**YOUR ASSIGNMENT**.
Only the lines from the one containing "Preschool Spelling FREE Screenshots" to the end of the data should be copied, exactly and without pictures.

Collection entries
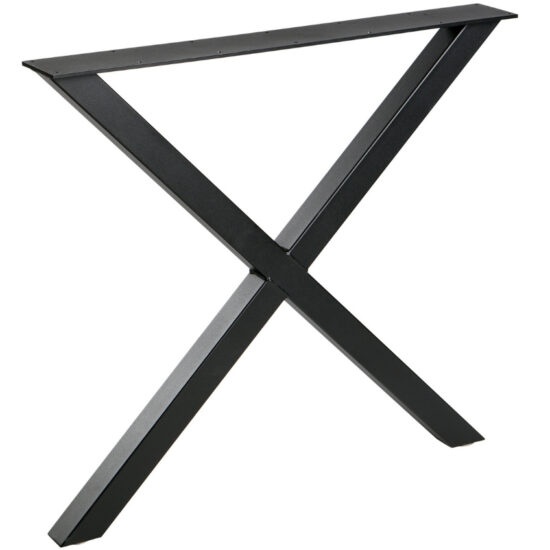 Hoorns Černá kovová podnož Alfons do tvaru X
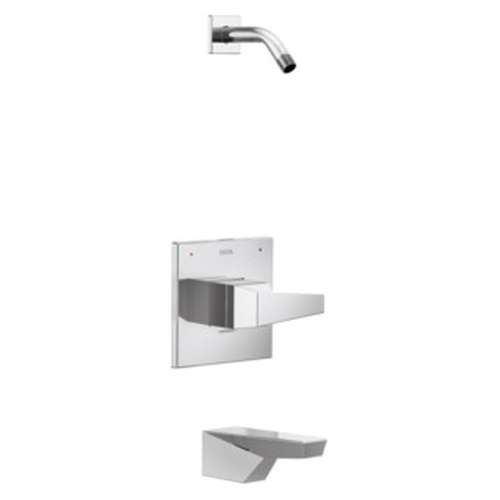T14443-PR-LHD Trillian 14 Series Shower Only LHD, Lumicoat Chrome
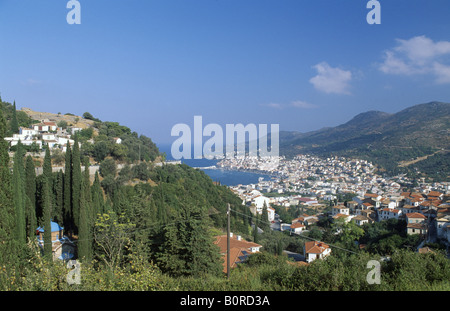 Samos-Stadt, Vathi, Insel Samos, Griechenland Stockfoto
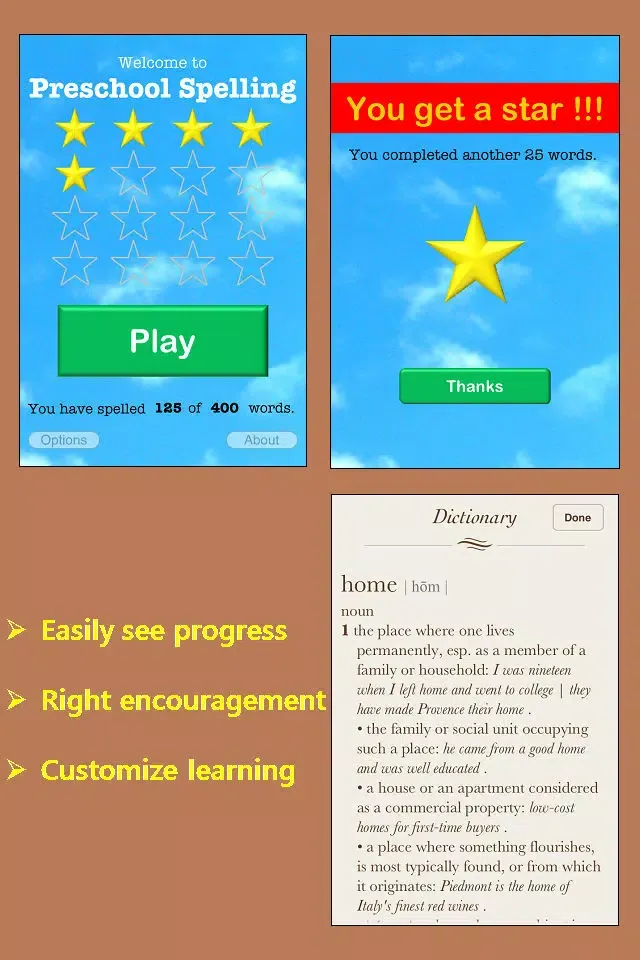 Preschool Spelling FREE Screenshots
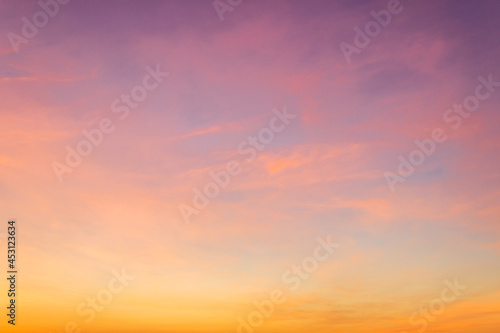 Fototapeta Naklejka Na Ścianę i Meble -  sunset sky clouds background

**TASK ANSWER**.
 Preschool Spelling FREE Screenshots
 Fototapeta Naklejka Na Ścianę i Meble -  sunset sky clouds background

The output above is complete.